# The coming Tech backlash



## Vladd67 (Jan 9, 2017)

The Coming Tech Backlash
Will there be a new Luddite movement? Will delivery drones be shot down, will self driving vehicles be attacked? What should I suggest my children study to help them in the future, should they follow their mother into software development? So many questions.


----------



## Mr Orange (Jan 9, 2017)

Vladd67 said:


> What should I suggest my children study to help them in the future



post-apocalyptic survival?


----------



## J Riff (Jan 10, 2017)

Drone repair? Teaching how to drive self-driving cars? Science fiction writer?


----------



## Venusian Broon (Jan 10, 2017)

I, for one, welcome our new AI overlords.

I think I could make a nice pet.


----------



## Edward M. Grant (Feb 10, 2017)

Don't worry. VR will kill self-driving cars: why drive somewhere if you can just jack in to a drone at your destination?


----------



## RX-79G (Feb 10, 2017)

While technology can replace traditional jobs, technology historically created new industries and associated jobs. 

We aren't really creating new technologies and industries, so I have a hard time blaming technology.

Will there be a backlash to the US economic collapse?

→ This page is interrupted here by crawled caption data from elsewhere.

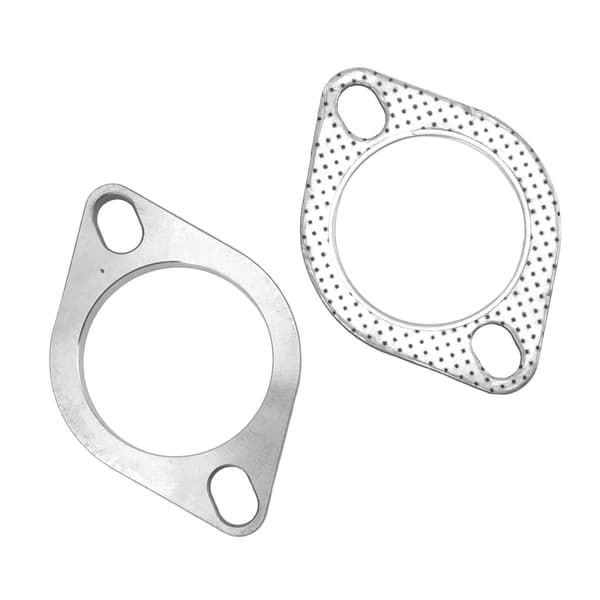 2 stk. 2-bolts 2,5-tommers eksosflens-tilkoblingssett rustfritt stål universal for eksosrør catback-manifolder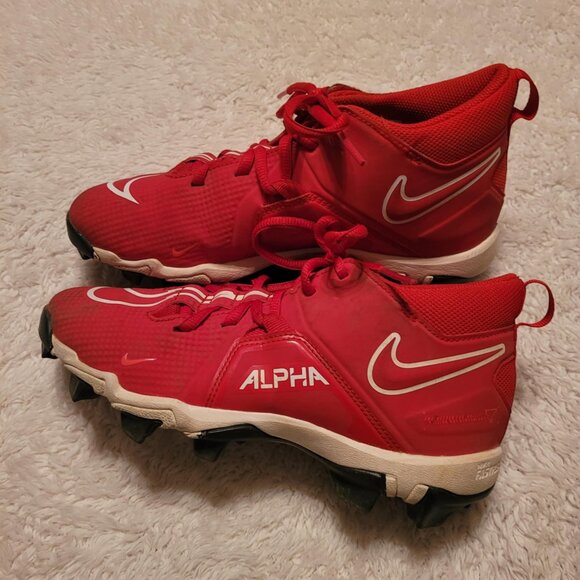 Nike Alpha Menace 3 Shark Cleats, Size 5.5 youth - Picture 1 of 7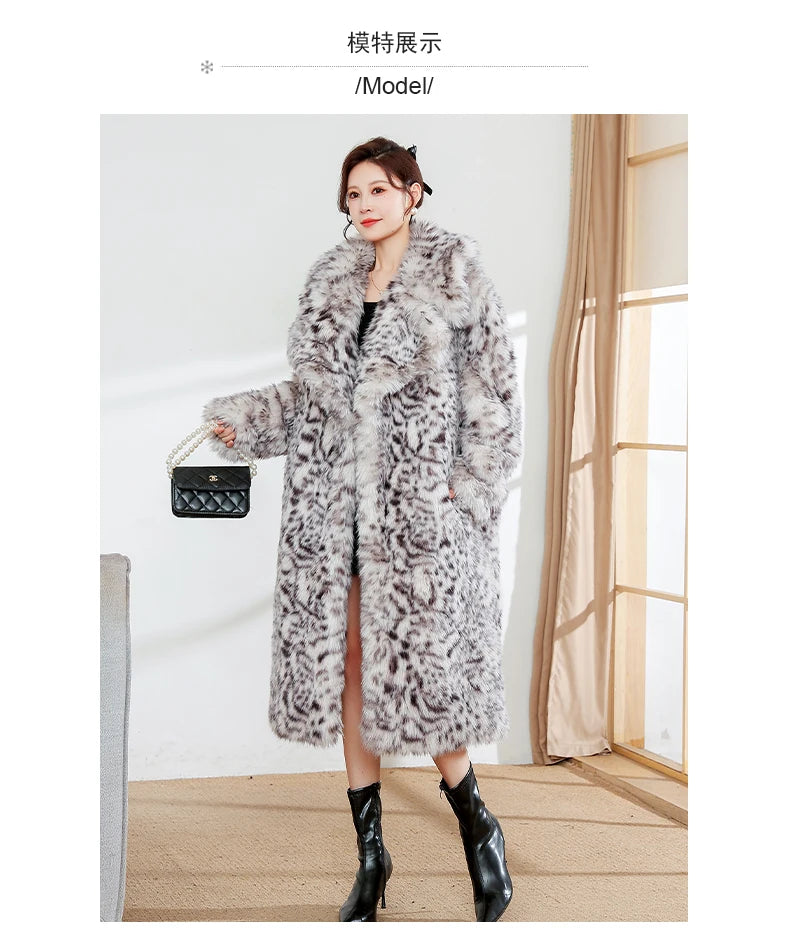 Nerazzurri Winter Long Oversized Colorful Multicolored Thick Warm Soft Fluffy Faux Fur Coat Women Sashes European Fashion 2023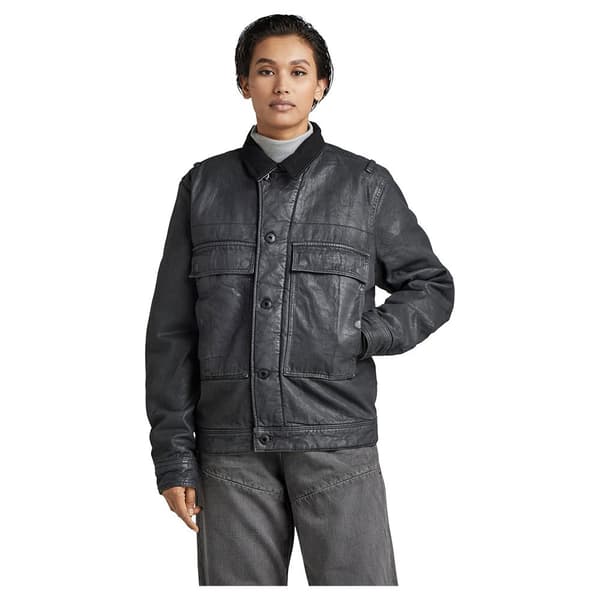 G-star Jakke Utility Flap Pocket Lined Grå 2XS Mand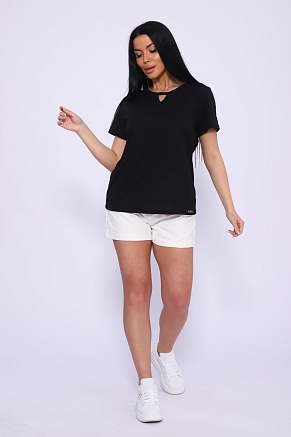 Женская футболка 33603 / черный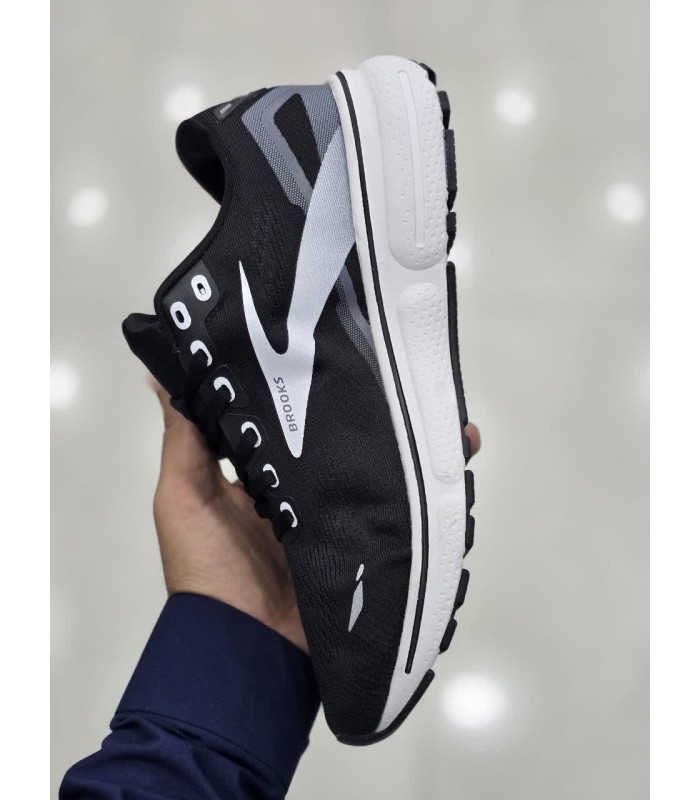 کفش پیاده روی بروکس گوست 15 Brooks Ghost 15 Athletic Black White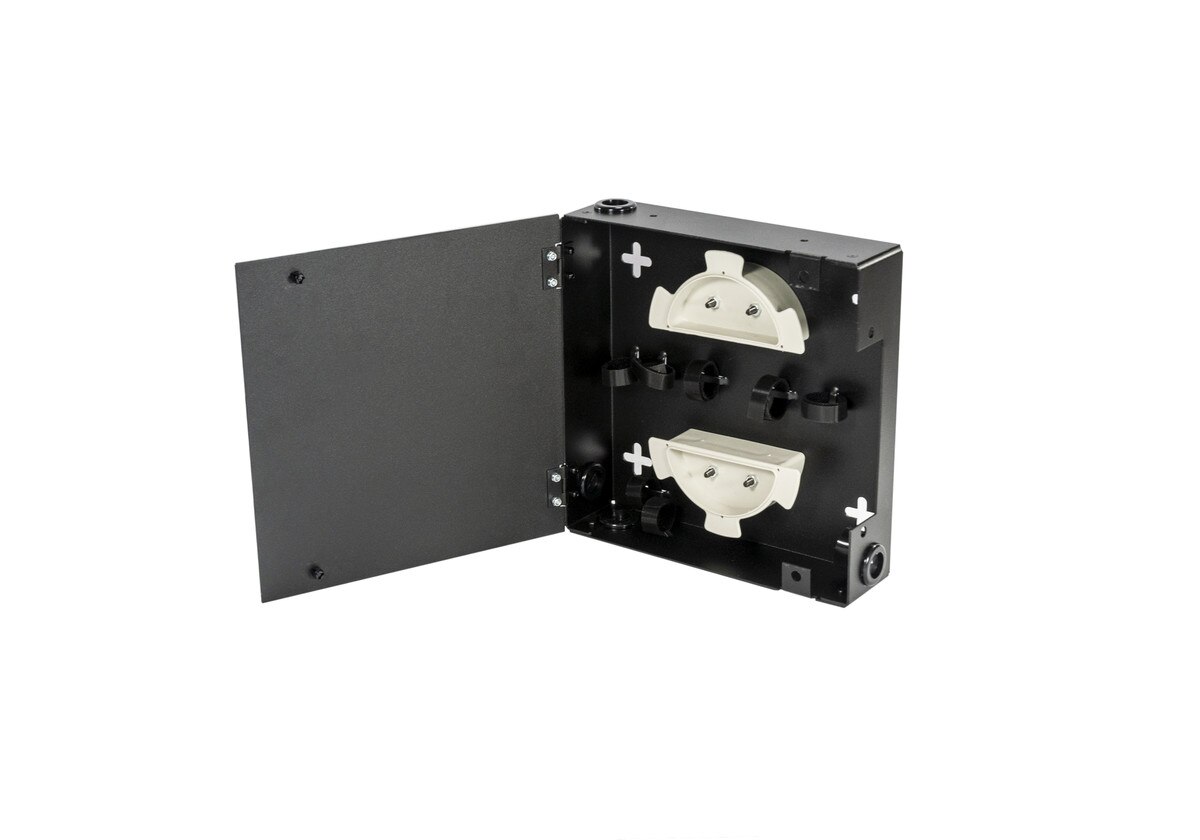 Extra Small, empty wall Mount with Solid Metal Door No Lock Holds 1 Plate 2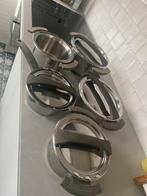 Fissler pannenset, Huis en Inrichting, Keuken | Potten en Pannen, Ophalen, Gebruikt, Rvs, Pannenset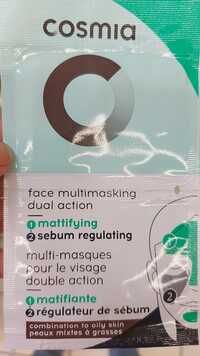 COSMIA - Matifiante - Multi-masques pour le visage double action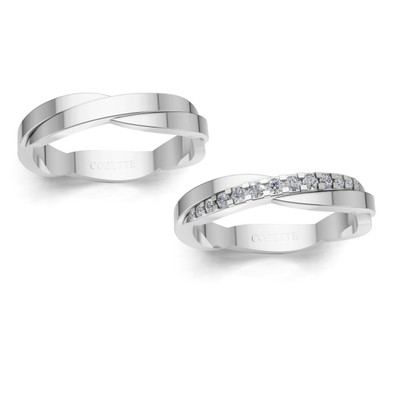 Verighete aur cu diamante naturale - V109 3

Probably, but to fight tech you have to have money.


----------



## HanaBi (Feb 10, 2017)

Switch Facebook off for an hour and you'll have over a billion people "unplugged", most of which will probably go into meltdown, not knowing how to cope without their beloved social media buddy to tap into.


----------



## Mr Orange (Feb 10, 2017)

i can't even cope when SFF does the "Website updating" thing on me


----------



## RX-79G (Feb 10, 2017)

HanaBi said:


> Switch Facebook off for an hour and you'll have over a billion people "unplugged", most of which will probably go into meltdown, not knowing how to cope without their beloved social media buddy to tap into.


You know, if FB was willing to implode, it would be interesting to unplug it in a non-dramatic way (server problem...) for an hour or two at a go, until people stop checking it constantly. Done at the right pace over weeks the usership might go to near zero. People use it so much because they can, like eating airline peanuts.


----------